Un plan pour les demandeurs d’asile : utile, nécessaire, suffisant ?
Tiens, tiens… c’est trop beau pour ne pas le souligner : dans un grand numéro de père fouettard, le Premier ministre nous annonce qu’il va falloir tailler dans les effectifs de fonctionnaires, réduire le train de vie de l’Etat, cesser de se shooter à la dépense publique, etc. Non, ni de gauche, ni de droite, qu’il a dit, le Président. Cinq milliards avant la fin de l’année, allez hop ! Les militaires, qui venaient d’assister, ému, à un Président caressant l’encolure d’un sous-marin nucléaire et murmurant à l’oreille d’un hélicoptère : « on y est, on y reste » (au Mali), n’en reviennent pas…
Mais toute de même, il va bien falloir s’occuper de tous ces étrangers qui errent entre les dunes de Calais, la porte de la Chapelle et la vallée de la Roya : et devinez la solution préconisée ?
Ben, un plan d’urgence, avec plus d’agents publics, de dépenses publiques, un nouveau poste de délégué interministériel, de nouvelles structures d’accueil, etc. Et le pire, c’est que cela ne suffira pas.
Un plan légitime et à mettre en œuvre en urgence
Rendons justice à Edouard Philippe : le plan était inévitable, le sujet demeurait en souffrance depuis bien longtemps, malgré quelques efforts méritoires du gouvernement précédent.
Le plan consiste, en résumé, à :
- Accélérer les procédures (soit faire mieux avec les mêmes moyens, soit mettre plus de moyens, soit les deux), pour réduire celle-ci à six mois, recours devant la Cour nationale d’Asile compris. C’est souhaitable, mais… très ambitieux ;
- Créer 7500 places d’hébergement pour les demandeurs en deux ans. Le dispositif est complètement encombré, du fait des déboutés qui ne quittent pas les centres d’accueil.
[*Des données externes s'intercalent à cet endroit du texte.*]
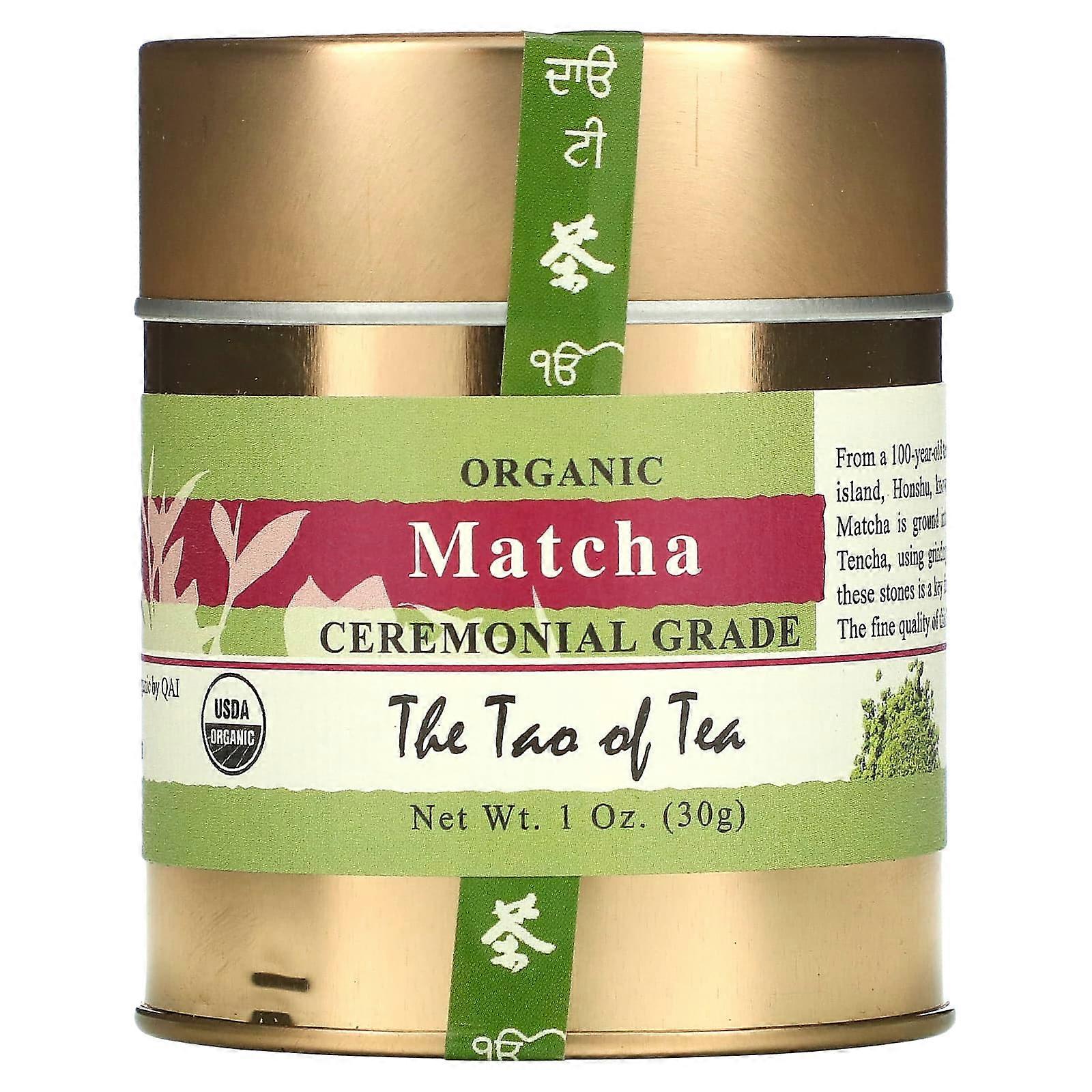 Organic Matcha, Ceremonial Grade, 1 oz (30 g)
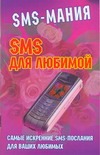 SMS для любимой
- Anticiper l’engagement de la France d’accueillir 10 000 réfugiés dans le cadre de la réinstallation à l’échelle européenne ;
- Accélérer la reconduite à la frontière des « dublinés » (demandeurs qui doivent déposer leur demande dans le pays européen par lequel ils sont entrés), des déboutés de l’asile et des sans-papiers interpelés par les forces de l’ordre : cela signifie non seulement plus de policiers, mais aussi une modification de la loi pour faciliter les procédures.
- Un effort supplémentaire en matière de politique d’intégration (bien étrillée ces dernières années par les coupes budgétaires), notamment pour faciliter l’apprentissage du français.
- Contribuer à un règlement européen de la pression migratoire sur le front Sud, avant que l’Italie n’explose (politiquement) sur ce dossier. Le Comité Carnot publiera prochainement sur cet aspect particulier.
Pour ce qui est de l’asile, il faut bien reconnaître que la procédure est largement détournée, et que le système est engagé dans une course sans fin :
- La poussée migratoire se traduit par une croissance spectaculaire du nombre de demandeurs (85000 dossiers l’année dernière, sans doute plus de 100 000 cette année), la plupart ne relevant pas du droit d’asile. 26 000 ont été admis l’année dernière.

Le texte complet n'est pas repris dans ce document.